Sehr geehrte Frau Neuhaus!
„Ars (bene) moriendi – die Kunst, (gut) zu sterben“: Unter diesem Titel hat sich vom späten Mittelalter an eine christliche Literaturgattung etabliert. Die Bücher wollen den Menschen beim Übergang ins ewige Leben helfen, indem sie diese beispielsweise in ihrem Glauben stärken und gegen Versuchungen und Zweifel beistehen.

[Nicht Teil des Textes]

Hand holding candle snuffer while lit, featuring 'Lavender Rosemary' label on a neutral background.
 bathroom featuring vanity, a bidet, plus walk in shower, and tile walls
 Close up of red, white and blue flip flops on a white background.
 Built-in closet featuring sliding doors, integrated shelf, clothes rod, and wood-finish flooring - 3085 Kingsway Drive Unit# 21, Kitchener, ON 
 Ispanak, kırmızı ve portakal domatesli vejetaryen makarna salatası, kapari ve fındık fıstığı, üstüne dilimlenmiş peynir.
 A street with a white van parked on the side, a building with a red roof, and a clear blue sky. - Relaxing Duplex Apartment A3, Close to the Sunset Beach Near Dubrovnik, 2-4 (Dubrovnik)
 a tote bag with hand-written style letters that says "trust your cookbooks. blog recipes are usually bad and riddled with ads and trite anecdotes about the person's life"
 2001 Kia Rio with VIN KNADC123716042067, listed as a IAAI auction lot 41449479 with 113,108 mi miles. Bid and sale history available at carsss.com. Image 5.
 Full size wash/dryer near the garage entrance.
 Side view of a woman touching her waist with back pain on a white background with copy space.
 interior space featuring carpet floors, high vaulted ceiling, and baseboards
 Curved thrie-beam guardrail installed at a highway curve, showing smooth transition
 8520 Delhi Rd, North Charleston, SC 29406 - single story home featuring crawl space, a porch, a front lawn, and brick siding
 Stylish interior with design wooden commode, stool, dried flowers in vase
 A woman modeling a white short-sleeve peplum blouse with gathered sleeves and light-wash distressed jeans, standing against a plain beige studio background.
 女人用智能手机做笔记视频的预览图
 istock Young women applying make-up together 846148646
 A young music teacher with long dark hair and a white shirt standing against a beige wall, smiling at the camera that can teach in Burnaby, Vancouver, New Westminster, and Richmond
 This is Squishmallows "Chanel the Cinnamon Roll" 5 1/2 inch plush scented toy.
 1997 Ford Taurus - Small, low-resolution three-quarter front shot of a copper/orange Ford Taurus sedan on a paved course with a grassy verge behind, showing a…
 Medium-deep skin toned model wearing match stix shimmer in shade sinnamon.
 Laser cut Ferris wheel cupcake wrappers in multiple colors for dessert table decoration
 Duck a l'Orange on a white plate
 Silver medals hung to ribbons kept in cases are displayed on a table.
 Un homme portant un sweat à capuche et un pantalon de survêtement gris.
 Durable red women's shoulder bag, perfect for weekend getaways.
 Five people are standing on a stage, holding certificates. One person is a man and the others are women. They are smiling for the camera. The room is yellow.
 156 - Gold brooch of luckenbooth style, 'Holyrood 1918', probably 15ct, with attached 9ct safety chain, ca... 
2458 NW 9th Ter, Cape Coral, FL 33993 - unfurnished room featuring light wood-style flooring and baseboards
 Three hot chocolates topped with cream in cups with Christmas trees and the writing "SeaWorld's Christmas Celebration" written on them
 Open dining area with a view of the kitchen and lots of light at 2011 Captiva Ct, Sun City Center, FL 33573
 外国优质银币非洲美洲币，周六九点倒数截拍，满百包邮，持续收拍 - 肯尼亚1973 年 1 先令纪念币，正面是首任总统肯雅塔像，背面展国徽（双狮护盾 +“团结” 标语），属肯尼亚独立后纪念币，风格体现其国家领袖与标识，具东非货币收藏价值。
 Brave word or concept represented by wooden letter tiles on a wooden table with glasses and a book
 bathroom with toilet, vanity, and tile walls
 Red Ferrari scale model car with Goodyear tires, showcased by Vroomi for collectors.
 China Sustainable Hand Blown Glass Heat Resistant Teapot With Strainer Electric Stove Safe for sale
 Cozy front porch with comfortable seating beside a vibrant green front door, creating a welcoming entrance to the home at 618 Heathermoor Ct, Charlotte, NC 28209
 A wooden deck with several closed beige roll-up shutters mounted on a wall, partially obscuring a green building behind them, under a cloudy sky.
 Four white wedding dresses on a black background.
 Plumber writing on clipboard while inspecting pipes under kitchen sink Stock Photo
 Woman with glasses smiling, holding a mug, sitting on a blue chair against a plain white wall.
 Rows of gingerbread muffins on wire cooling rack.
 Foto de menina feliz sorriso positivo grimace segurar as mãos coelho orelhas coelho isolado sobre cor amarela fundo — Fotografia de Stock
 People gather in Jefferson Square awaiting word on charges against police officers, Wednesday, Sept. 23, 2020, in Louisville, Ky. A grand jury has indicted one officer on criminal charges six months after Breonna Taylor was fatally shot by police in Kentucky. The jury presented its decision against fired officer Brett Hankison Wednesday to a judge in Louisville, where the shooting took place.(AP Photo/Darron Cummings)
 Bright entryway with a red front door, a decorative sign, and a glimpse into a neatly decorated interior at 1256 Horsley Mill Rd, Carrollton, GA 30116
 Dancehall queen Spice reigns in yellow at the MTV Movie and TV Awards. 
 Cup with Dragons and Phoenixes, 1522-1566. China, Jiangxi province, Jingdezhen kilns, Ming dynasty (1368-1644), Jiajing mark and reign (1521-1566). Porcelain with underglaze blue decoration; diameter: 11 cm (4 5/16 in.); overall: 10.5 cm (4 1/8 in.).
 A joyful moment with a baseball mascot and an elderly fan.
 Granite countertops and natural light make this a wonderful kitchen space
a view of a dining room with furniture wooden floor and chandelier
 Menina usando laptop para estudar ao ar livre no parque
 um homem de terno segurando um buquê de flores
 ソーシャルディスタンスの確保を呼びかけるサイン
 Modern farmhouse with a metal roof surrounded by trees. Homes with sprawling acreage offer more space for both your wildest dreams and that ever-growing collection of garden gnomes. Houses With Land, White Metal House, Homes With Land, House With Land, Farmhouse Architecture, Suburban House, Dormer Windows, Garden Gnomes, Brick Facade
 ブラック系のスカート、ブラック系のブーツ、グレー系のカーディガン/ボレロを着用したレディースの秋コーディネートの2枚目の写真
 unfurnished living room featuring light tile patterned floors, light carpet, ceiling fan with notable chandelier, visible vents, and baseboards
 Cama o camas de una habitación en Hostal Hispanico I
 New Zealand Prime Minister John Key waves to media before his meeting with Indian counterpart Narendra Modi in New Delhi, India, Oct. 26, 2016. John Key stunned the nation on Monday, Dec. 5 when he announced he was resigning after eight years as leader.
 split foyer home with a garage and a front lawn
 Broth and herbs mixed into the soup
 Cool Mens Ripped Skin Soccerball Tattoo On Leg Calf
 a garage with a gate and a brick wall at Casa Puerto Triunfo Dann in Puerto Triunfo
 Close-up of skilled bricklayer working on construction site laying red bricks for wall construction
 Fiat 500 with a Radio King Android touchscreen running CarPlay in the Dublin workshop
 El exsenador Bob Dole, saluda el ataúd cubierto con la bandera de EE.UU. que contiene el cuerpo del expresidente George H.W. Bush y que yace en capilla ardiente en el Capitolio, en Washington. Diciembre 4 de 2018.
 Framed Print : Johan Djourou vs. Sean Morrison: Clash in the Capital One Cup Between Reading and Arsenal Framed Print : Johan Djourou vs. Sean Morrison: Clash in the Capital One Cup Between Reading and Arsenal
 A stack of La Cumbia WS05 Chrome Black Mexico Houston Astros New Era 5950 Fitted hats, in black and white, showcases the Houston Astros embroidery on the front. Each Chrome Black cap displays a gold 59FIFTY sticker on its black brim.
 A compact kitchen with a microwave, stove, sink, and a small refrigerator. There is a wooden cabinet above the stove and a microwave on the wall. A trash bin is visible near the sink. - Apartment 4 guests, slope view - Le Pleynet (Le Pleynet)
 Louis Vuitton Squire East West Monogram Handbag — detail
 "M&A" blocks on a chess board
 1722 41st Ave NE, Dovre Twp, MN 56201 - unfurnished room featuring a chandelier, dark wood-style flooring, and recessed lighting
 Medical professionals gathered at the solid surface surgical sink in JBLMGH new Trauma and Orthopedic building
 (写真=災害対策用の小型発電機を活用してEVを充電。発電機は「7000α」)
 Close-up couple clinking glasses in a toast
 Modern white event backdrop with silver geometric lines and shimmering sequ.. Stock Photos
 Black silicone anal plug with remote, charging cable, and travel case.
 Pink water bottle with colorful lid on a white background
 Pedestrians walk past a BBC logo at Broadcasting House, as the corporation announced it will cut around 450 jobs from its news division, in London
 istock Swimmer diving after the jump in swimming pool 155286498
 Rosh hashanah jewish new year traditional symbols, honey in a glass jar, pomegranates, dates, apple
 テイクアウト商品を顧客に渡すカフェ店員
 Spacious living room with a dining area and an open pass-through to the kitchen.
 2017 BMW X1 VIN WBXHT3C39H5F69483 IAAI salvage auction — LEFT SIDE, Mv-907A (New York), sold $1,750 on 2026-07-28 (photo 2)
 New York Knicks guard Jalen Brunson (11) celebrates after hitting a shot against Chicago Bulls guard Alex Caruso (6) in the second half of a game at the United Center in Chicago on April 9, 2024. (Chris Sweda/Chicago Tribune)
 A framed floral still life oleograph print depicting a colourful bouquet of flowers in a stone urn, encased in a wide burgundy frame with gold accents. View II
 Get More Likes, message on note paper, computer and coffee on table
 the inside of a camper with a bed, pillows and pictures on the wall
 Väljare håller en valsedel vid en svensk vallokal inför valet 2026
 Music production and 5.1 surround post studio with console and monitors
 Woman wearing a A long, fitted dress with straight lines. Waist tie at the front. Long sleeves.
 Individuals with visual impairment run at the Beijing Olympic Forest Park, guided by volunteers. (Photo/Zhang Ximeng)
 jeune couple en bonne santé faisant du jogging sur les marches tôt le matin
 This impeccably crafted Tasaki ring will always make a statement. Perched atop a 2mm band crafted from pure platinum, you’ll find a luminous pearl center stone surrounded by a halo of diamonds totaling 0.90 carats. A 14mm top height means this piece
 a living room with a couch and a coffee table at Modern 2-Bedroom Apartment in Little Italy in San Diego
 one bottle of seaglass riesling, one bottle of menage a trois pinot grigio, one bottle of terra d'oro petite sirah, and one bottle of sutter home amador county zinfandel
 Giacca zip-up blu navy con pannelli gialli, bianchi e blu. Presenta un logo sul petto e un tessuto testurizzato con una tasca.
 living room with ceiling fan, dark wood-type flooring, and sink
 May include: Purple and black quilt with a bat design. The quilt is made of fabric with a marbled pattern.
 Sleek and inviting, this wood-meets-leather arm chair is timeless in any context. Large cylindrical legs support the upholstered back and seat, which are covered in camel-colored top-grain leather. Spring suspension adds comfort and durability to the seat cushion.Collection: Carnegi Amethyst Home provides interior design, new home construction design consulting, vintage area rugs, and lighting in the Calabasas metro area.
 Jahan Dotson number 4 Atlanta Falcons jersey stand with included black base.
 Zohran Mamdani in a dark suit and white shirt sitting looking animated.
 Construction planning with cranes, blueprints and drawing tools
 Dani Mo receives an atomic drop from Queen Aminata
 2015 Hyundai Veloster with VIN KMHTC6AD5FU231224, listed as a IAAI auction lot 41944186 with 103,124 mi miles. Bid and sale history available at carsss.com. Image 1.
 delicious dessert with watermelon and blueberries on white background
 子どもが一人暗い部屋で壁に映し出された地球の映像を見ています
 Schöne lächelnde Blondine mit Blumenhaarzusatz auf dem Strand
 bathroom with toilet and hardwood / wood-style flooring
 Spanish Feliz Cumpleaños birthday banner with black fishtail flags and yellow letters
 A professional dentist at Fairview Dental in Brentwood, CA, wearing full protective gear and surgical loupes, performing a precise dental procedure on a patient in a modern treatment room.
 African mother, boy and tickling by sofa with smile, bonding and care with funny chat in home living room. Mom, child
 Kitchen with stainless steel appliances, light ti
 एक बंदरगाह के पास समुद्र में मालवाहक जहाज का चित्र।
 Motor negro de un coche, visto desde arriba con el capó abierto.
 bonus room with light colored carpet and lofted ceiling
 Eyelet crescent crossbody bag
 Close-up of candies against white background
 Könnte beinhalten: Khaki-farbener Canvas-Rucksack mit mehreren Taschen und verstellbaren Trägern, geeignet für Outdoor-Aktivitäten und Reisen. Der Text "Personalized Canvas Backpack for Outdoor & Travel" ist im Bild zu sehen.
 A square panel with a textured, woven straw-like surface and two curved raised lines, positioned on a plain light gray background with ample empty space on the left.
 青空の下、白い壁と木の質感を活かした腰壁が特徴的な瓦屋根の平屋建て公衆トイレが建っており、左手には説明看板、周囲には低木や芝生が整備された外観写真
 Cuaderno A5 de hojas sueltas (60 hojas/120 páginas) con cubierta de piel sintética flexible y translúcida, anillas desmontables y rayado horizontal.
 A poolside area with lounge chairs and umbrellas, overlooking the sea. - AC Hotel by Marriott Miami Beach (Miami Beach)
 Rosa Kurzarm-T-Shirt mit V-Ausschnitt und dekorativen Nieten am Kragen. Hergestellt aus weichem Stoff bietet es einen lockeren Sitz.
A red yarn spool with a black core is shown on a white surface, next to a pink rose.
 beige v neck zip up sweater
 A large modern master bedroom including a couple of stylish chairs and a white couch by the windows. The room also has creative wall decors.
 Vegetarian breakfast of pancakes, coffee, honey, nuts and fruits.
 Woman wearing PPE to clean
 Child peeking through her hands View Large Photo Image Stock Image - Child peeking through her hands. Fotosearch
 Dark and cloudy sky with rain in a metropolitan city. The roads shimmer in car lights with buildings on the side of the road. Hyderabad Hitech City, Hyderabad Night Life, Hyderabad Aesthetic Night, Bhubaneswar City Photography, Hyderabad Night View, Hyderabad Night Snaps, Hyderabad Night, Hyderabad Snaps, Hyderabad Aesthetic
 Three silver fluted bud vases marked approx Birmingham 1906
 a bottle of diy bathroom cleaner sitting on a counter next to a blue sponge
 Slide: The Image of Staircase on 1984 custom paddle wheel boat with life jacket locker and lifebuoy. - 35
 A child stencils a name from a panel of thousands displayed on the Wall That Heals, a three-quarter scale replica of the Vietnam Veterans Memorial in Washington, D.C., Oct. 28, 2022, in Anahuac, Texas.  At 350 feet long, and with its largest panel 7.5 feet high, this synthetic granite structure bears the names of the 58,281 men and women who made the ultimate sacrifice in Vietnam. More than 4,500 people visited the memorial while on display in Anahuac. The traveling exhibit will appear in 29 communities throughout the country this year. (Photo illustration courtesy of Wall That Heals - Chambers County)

Natürlich geht der Kunst zu sterben die Kunst zu leben voraus. Zwar schenkt Gott uns seine Gnade, ohne dass wir dafür eine Vorleistung erbringen müssten oder auch nur könnten. Besonders eindringlich lernen wir das in der Schule des heiligen Paulus: „Denn aus Gnade seid ihr durch den Glauben gerettet, nicht aus eigener Kraft - Gott hat es geschenkt -, nicht aufgrund eurer Werke, damit keiner sich rühmen kann“ (Epheserbrief 2,8-9). An uns ist es jedoch, aus dieser Gnade heraus unser Leben zu gestalten, Gott und den Nächsten zu lieben und alles zu halten, was uns geboten ist. Wenn wir dies ein Leben lang versäumen, wenn wir die Gottes- und Nächstenliebe nicht einüben und praktizieren, dann wird es uns auf dem Sterbebett schwerfallen, uns endgültig für Gott und seine Gnade zu öffnen.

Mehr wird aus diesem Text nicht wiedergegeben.